Das Schweizer Berufsbildungssystem mit der engen Verbindung von Theorie und Praxis ist ein Erfolgsmodell, das volkswirtschaftlich wertvoll ist und international viel Anerkennung findet. Es ermöglicht vielfältige Bildungsmöglichkeiten, Karriereperspektiven und berücksichtigt die Bedürfnisse der Betriebe und des Arbeitsmarktes. Es kommt nicht von ungefähr, dass die Schweiz eine rekordtiefe Jugendarbeitslosigkeit aufweist.

Welche Bedeutung hat die Berufsmatura (BM) für die Wirtschaft?

Eine sehr wichtige. Sie versorgt unsere Betriebe mit hochqualifizierten Fachkräften und stärkt deren Position im internationalen Wettbewerb. Wir brauchen die duale Ausbildung mit BM, um mit den rein schulischen Abschlüssen der technischen Bildungsinstitutionen des Auslands zu konkurrieren.

Die Schweiz leidet unter einem fortschreitenden Fachkräftemangel. Reicht es, wenn einer von zehn Berufslernenden die BM absolviert?

Mehr Berufsmaturanden wären auf jeden Fall wünschenswert, vor allem im technischen Bereich. Allerdings dürfen wir die Quote nicht auf Kosten der Qualität erhöhen. Denn die Schweiz braucht bestens qualifizierte Fachkräfte und nicht solche, die einen Titel nur aus Prestigegründen tragen.

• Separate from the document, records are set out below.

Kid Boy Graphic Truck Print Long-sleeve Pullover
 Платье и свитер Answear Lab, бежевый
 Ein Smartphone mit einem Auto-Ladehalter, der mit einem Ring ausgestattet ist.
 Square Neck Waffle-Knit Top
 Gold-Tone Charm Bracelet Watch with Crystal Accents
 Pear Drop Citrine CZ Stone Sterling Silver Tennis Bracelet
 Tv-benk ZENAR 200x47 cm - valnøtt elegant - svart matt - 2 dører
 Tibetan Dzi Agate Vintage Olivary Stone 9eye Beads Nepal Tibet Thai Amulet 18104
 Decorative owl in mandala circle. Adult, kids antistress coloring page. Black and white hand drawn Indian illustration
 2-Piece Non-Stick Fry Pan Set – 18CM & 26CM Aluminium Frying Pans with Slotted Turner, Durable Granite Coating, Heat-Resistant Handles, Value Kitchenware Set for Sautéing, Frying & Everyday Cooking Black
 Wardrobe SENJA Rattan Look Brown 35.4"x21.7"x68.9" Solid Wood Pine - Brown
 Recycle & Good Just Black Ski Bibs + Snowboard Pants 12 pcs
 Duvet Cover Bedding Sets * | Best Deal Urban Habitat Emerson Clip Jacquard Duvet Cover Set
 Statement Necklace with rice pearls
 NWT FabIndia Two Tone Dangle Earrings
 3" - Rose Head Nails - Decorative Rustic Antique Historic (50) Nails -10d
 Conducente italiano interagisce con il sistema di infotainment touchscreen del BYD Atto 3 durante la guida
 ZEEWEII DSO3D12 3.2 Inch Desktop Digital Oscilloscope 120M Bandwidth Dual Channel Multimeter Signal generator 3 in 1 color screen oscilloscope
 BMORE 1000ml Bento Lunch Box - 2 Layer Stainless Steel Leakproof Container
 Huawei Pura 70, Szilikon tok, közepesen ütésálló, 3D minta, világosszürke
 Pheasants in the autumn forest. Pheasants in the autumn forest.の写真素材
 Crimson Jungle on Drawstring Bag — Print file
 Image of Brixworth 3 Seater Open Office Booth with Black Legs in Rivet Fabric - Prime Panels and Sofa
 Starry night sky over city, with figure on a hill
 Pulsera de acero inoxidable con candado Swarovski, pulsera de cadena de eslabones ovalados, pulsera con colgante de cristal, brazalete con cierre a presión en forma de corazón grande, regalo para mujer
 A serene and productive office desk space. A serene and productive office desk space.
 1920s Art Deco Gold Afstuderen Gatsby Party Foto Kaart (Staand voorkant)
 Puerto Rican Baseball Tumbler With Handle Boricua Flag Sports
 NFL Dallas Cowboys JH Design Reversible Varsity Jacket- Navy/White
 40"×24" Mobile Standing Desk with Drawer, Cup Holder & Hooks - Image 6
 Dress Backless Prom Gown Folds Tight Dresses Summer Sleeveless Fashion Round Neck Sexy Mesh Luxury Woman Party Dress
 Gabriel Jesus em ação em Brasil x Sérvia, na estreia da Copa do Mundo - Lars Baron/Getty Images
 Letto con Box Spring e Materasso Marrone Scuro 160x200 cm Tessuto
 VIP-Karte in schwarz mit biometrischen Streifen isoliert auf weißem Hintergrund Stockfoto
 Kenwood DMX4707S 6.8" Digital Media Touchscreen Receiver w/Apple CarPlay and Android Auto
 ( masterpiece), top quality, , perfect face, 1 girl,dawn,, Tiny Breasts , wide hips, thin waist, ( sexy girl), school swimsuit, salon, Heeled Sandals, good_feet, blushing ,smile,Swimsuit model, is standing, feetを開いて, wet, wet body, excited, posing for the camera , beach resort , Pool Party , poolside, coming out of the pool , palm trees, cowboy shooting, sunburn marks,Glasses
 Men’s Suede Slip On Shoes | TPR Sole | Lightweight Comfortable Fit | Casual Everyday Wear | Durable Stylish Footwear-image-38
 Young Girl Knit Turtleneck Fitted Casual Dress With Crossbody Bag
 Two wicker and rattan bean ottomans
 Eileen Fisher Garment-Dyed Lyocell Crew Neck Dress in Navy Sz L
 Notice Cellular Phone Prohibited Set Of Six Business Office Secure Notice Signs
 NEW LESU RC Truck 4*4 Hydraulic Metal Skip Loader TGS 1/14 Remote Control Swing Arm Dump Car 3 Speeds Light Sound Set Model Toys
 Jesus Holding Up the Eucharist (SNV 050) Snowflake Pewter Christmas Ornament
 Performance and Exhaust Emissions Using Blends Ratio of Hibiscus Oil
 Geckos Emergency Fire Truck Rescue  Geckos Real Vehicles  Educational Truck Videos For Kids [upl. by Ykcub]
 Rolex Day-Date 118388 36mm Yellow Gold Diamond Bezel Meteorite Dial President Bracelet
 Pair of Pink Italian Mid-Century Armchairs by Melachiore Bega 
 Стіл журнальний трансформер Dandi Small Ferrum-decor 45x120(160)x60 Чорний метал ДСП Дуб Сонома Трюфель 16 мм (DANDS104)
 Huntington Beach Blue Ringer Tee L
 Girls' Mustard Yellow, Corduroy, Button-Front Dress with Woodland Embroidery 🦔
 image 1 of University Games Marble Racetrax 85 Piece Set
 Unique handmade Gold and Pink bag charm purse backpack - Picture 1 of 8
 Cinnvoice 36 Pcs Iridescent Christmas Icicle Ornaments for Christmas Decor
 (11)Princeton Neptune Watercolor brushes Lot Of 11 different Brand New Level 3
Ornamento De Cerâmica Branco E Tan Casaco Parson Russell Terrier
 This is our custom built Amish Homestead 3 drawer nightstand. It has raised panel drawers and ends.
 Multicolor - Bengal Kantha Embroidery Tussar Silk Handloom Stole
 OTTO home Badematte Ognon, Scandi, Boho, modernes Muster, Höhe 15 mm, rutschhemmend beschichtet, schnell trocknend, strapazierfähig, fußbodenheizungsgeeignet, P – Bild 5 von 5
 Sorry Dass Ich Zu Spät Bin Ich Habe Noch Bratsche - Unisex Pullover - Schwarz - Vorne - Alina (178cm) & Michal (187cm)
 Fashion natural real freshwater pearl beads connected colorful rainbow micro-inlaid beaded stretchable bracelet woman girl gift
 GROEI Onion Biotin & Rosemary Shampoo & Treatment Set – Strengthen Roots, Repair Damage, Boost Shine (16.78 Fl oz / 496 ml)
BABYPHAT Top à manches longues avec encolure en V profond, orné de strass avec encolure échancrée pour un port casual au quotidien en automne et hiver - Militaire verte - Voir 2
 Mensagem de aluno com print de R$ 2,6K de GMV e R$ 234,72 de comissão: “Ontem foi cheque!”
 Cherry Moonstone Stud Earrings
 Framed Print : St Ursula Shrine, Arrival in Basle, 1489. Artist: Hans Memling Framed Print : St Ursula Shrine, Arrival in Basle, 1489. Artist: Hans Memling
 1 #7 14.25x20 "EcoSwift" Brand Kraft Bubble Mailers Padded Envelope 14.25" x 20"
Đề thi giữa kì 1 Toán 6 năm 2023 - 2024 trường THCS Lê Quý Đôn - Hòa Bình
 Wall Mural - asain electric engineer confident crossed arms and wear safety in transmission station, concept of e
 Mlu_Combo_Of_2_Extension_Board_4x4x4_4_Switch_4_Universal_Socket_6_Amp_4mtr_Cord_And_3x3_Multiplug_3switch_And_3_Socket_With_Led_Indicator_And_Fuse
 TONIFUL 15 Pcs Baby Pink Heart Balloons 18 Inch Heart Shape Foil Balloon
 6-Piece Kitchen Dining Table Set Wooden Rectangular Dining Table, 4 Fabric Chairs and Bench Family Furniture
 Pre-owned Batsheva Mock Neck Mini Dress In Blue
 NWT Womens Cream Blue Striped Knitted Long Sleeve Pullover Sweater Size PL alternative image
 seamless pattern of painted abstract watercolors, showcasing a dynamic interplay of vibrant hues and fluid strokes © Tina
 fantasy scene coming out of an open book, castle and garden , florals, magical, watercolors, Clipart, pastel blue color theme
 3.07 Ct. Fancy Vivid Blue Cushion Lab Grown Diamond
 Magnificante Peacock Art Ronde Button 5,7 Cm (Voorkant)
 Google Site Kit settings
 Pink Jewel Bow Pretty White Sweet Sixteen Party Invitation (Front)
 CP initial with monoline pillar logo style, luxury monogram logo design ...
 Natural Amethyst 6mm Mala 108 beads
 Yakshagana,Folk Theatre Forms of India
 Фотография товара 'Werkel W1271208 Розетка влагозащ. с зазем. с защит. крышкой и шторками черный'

Wie können mehr Jugendliche für die BM gewonnen werden?

Wir müssen dafür sorgen, dass die Ausbildung in der Volksschule mit den Entwicklungen in Wirtschaft und Gesellschaft Schritt hält. Denn auf dieser Stufe holen sich die jungen Menschen das Rüstzeug, um in der Berufsbildung erfolgreich zu sein. Weiter müssen wir den Lehrbetrieben aufzeigen, dass Berufsmaturanden im Schnitt produktiver sind als andere Lernende und dadurch die häufigeren Absenzen im Betrieb kompensieren.

Besonders leistungsfähige Primarschüler können zwischen gymnasialer Matur und BM auswählen. Die meisten ziehen das Gymi vor. Warum?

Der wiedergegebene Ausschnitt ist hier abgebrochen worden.